Time for a new social media, that has no “political” manipulation.
david spencer
It is interesting that Mikhail Gorbachev said:
“The most puzzling development in politics during the last decade is the apparent determination of Western European leaders to re-create the Soviet Union in Western Europe.”
Anonymous
Censorship plain and simple. Shutting down one side from voicing their feelings actually creates hate by eliminating the opportunity to vent those feelings. Of course, the world is forced to accept refugees because why???? Because those on the Left want it so, and anyone opposed is a denier and a liar and a hater. Terrible times we live in.
Mark Stockley
There is a vast difference, surely, between having an opinion about immigrants, asylum seekers and refugees, and being hateful towards or about them?
Blake
We are human: We love; We hate. There should be a healthy balance, not a one sided dialogue. I can understand FB disabling/deleting someone’s access when he or she does not follow the terms of service, but deleting (or quietly hiding) individual posts based on the feelings expressed dilutes the platform and feels wrong. Threats are something which should be both against the FB ToS as well as reviewed for intent (possibly by LE), but a statement of one’s feelings should be allowed, even if those statements are bigoted or disagree with another’s beliefs.
Glen Canning
A healthy balance of hate to counter the love?
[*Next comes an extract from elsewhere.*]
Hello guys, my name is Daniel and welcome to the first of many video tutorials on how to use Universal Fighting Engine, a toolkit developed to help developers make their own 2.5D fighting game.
Are you serious?
Steve
Surely there is, Mark. But who decides what is which and which is what? There’s a vast sea of gray between good and evil, and this gives *someone* the power to draw the line wherever they see fit.
Martin
“Isn’t it likely that the influx of large numbers of Muslims, with their languages, social structures and traditions that differ from those of traditional Europe is a recipe for disruption?”
Who is to decide if that constitutes a legitimate political expression or if it constitutes “hate speech?”
Bobuk
The more the authorities try to keep the lid on the boiling pot the greater will be the bank when it finally flies off.
Just by claiming a need for this action they confess to their own mistakes which they wish to keep hidden.
Kimax
For so long hate speech has been veneered under a thick layer of one’s “opinion”. Enough is enough.
Every cretin votes his “opinion” innocuous. No! When you clamor about how people should be drown and shot on sight, you are spewing hate. Go read some comments online and quit with the chest beating. Get a life. Your low life opinions were vomited back in 20’s and 30’s with disastrous outcome, and you don’t even notice it, because there was no one to smack you in the head for your moral shortcomings.
Billy Reuben
What you just vomited out was hate speech. People like you should be banned. How did that feel?
roy jones jr
There isn’t a way to “quantify” the hate speech probably. But you know what it looks like. You’ve seen it if its not directed at you, and when it possibility is directed at you. So its going to get deleted.